Pictures with short captions:
• • • •
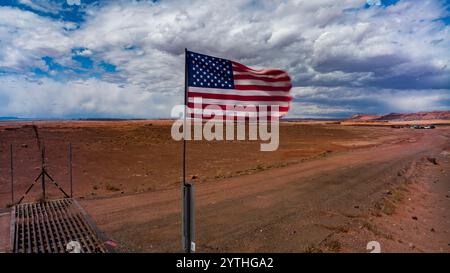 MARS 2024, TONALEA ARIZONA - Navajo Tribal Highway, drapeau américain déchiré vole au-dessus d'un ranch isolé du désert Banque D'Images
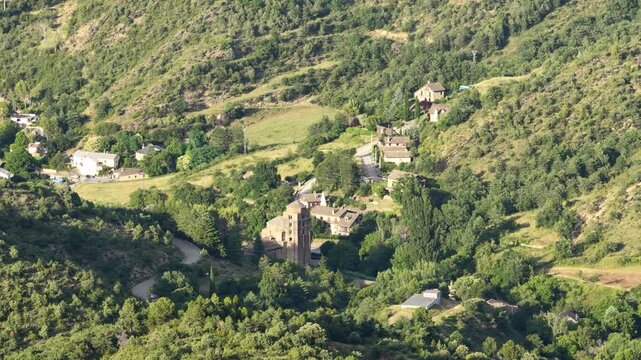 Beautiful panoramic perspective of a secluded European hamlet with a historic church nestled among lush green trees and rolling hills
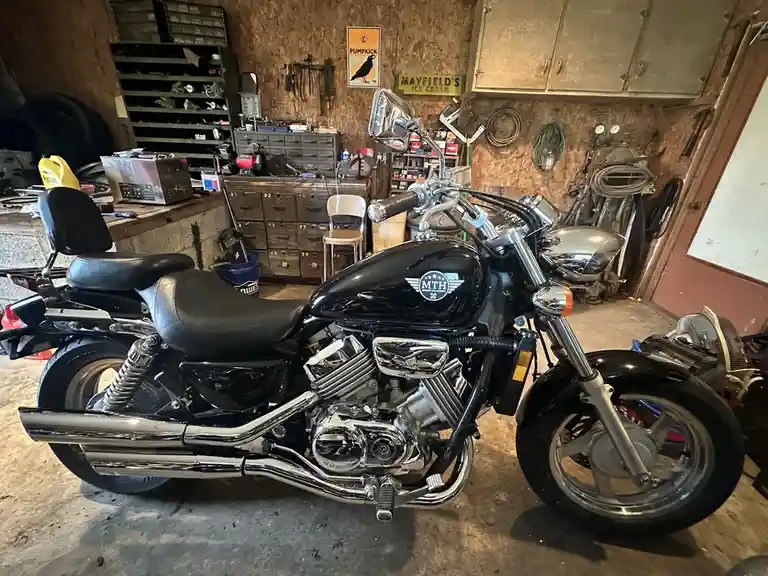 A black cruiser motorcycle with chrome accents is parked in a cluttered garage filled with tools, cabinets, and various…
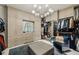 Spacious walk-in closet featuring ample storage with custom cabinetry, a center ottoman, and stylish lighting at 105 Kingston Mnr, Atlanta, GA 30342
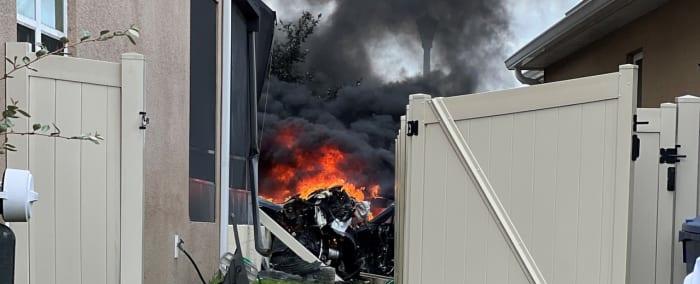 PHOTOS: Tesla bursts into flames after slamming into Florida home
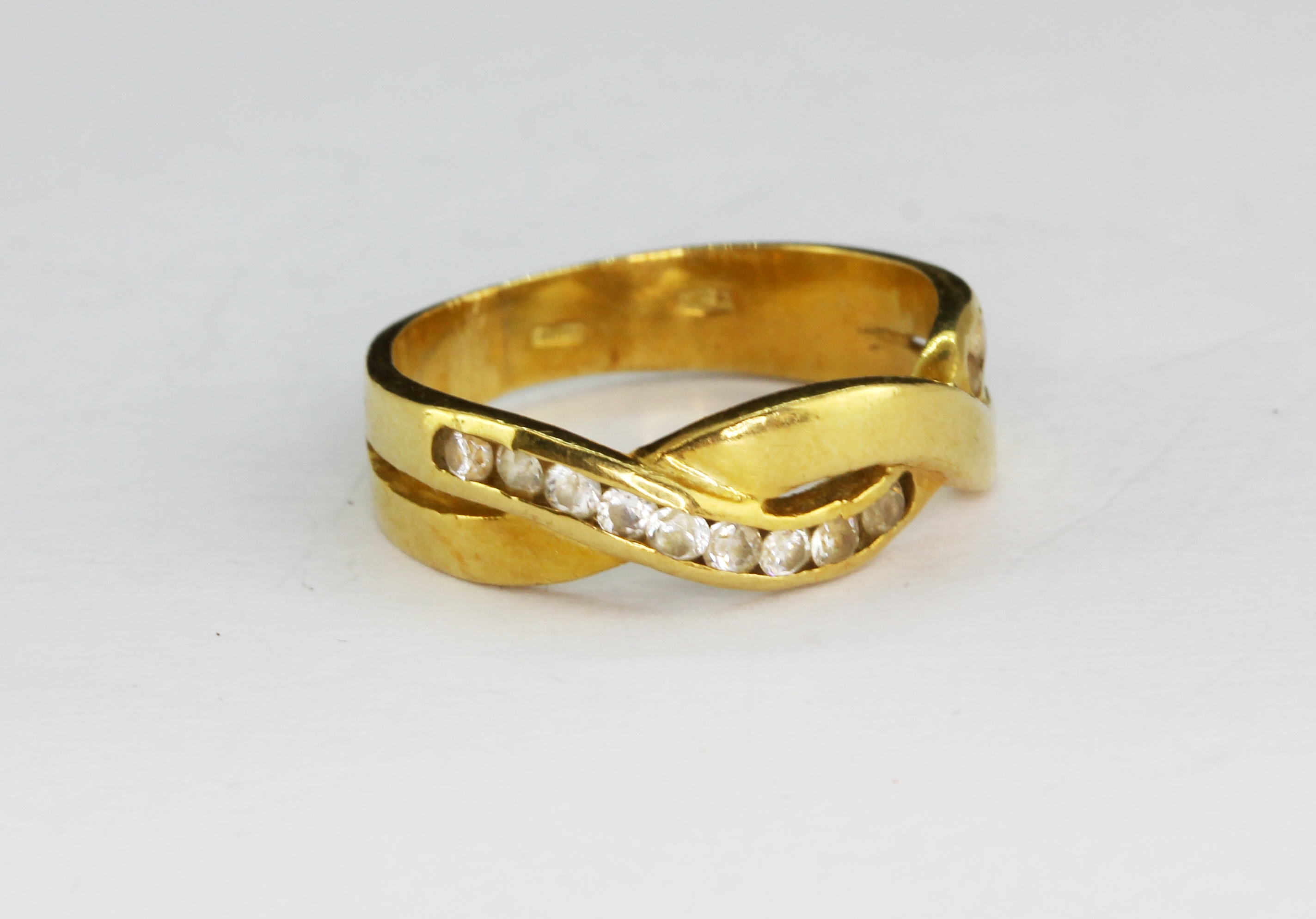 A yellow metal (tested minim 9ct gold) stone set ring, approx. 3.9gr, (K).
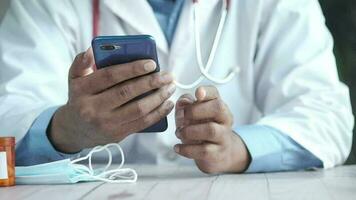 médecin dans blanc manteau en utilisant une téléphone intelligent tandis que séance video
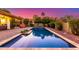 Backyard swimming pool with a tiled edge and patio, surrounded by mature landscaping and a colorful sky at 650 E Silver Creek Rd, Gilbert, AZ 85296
• • • •
-- Problem requirements --
The answer must consist of the line containing "Spacious walk-in closet" and every line after it through the end of the records, retyped exactly, with all pictures left out.

-- Completed exercise --
 Spacious walk-in closet featuring ample storage with custom cabinetry, a center ottoman, and stylish lighting at 105 Kingston Mnr, Atlanta, GA 30342
 PHOTOS: Tesla bursts into flames after slamming into Florida home
 A yellow metal (tested minim 9ct gold) stone set ring, approx. 3.9gr, (K).
 médecin dans blanc manteau en utilisant une téléphone intelligent tandis que séance video
 Backyard swimming pool with a tiled edge and patio, surrounded by mature landscaping and a colorful sky at 650 E Silver Creek Rd, Gilbert, AZ 85296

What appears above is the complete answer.